For years, the Philippines largely stood by as Chinese forces rammed its fishing vessels and occupied the reefs and shoals that once belonged to the Southeast Asian nation.
Those days may soon be over.
President Ferdinand Marcos Jr., who took office in June, has adopted the most muscular foreign policy approach that the Philippines has seen in close to a decade. He is seeking out alliances, restoring his country’s defense ties with the United States and prioritizing his country’s territorial dispute with China in the South China Sea.
Earlier this month, Mr. Marcos agreed to grant the United States military access to four new defense sites in the Philippines. On the same day, Washington said it would restart its joint patrols of the South China Sea with the Philippines, which had been suspended by Manila for six years. There is speculation that Subic Bay, a crown jewel among the many naval sites in Philippines, will also welcome American soldiers in the coming months.

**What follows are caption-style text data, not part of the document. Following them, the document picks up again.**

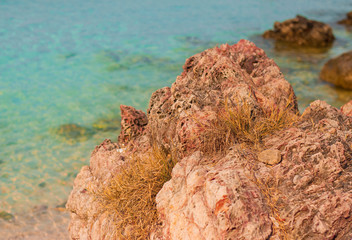 Rocky Coastline with Boulders. Sea and beach views. The Ko Lan Island Pattaya.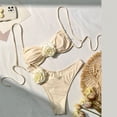 thumbnail image 5 of Conjunto de Bikini de cintura alta para mujer, traje de baño de dos piezas con realce cruzado, color marrón, 2024, 5 of 5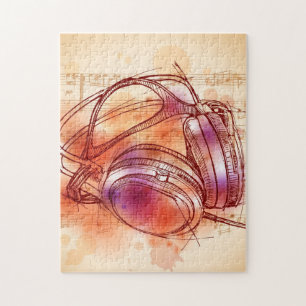 Headphones on a watercolor background & notes jigsaw puzzle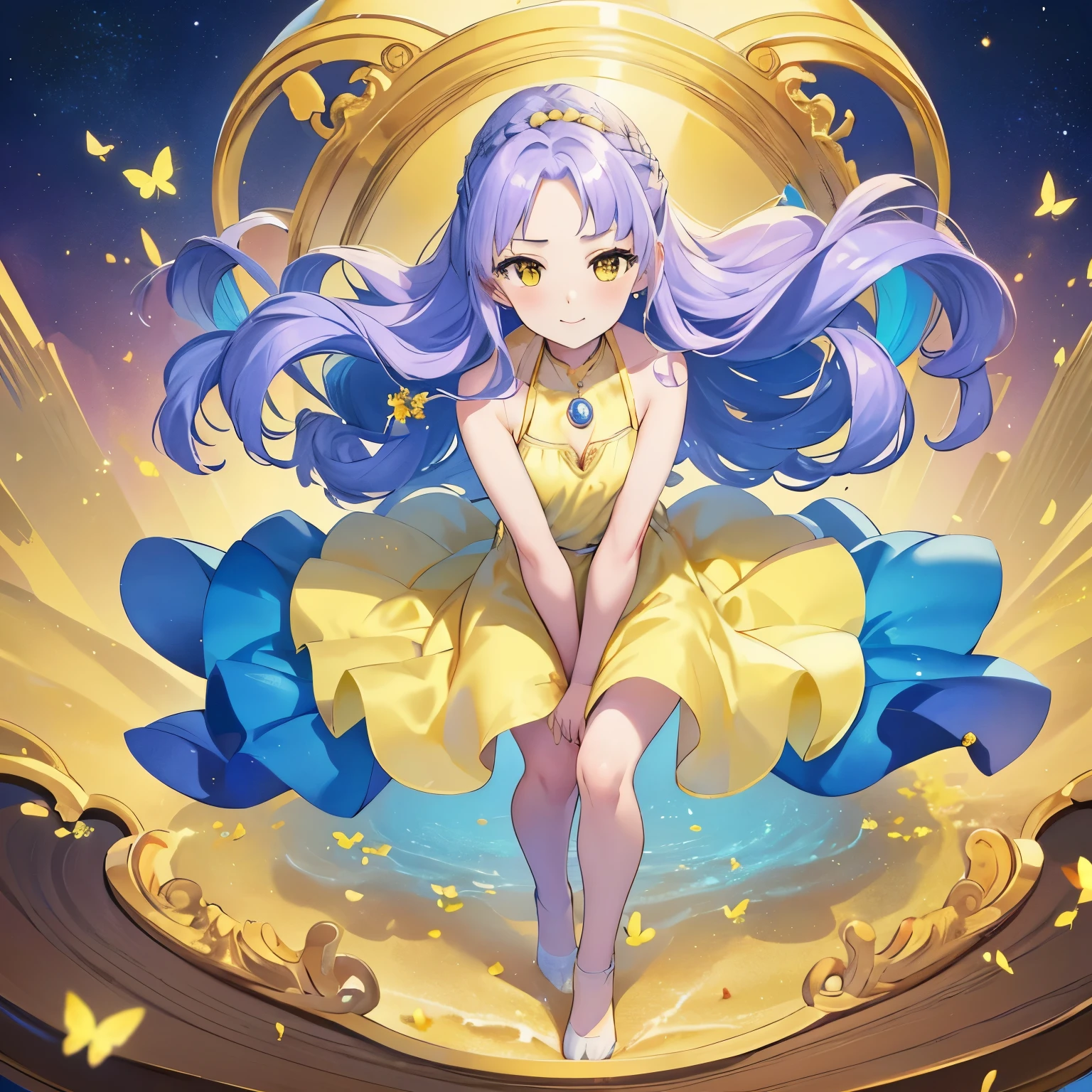 Best quality , masterpiece ,Fantasy scene ,
 ojou curls,young,cute ,long blonde hair( side bangs , big braided bangs, forehead),yellow eye,yellow sleeveless dress ,bare arms,young,petite(small top)cat girl,small smiling,floating,oval shape golden necklace, Bubbles,luminous  big
 Flower, bright shiny background  , full body, colourful round bubbles ,big planet in the sky,cosmos,a luminous colourful shiny gem in hand, colourful gem tree,luminous blue butterfly, violet and purple butterfly ,yellow butterflies ,bare_tree(gold trunks,gold leaf) ,yellow and white theme flower ground,yellow and white theme,sit on fower, holding gem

Mr. Marcos’s decisions have largely been driven by the territorial dispute that the Philippines has with Beijing over the South China Sea. But he has also shared concerns about a possible Chinese invasion of the self-ruled island of Taiwan, saying that “it’s very hard to imagine a scenario where the Philippines will not somehow get involved.”
On Tuesday, Mr. Marcos summoned the Chinese ambassador after a Chinese coast-guard vessel directed a military-grade laser at a Philippine ship, the first time in years that a president had personally lodged such a protest.
From the standpoint of the Americans, Mr. Marcos’s approach has been a welcome change, if not without some debate within the Philippines. His predecessor Rodrigo Duterte embraced China and distanced the Philippines from the United States until the final months of his term. Mr. Marcos has drawn the two countries even closer, making the Philippines the linchpin of the Biden administration’s strategy to counter China with a stronger military presence in the region.
The Philippines’ northernmost inhabited island, Itbayat, is just 93 miles away from Taiwan. The United States and the Philippines have not disclosed the four new sites that the Americans will gain access to, but three are facing Taiwan and one is bordering the South China Sea, according to an official with knowledge of the discussions who spoke on the condition of anonymity because he was not authorized to share negotiation details.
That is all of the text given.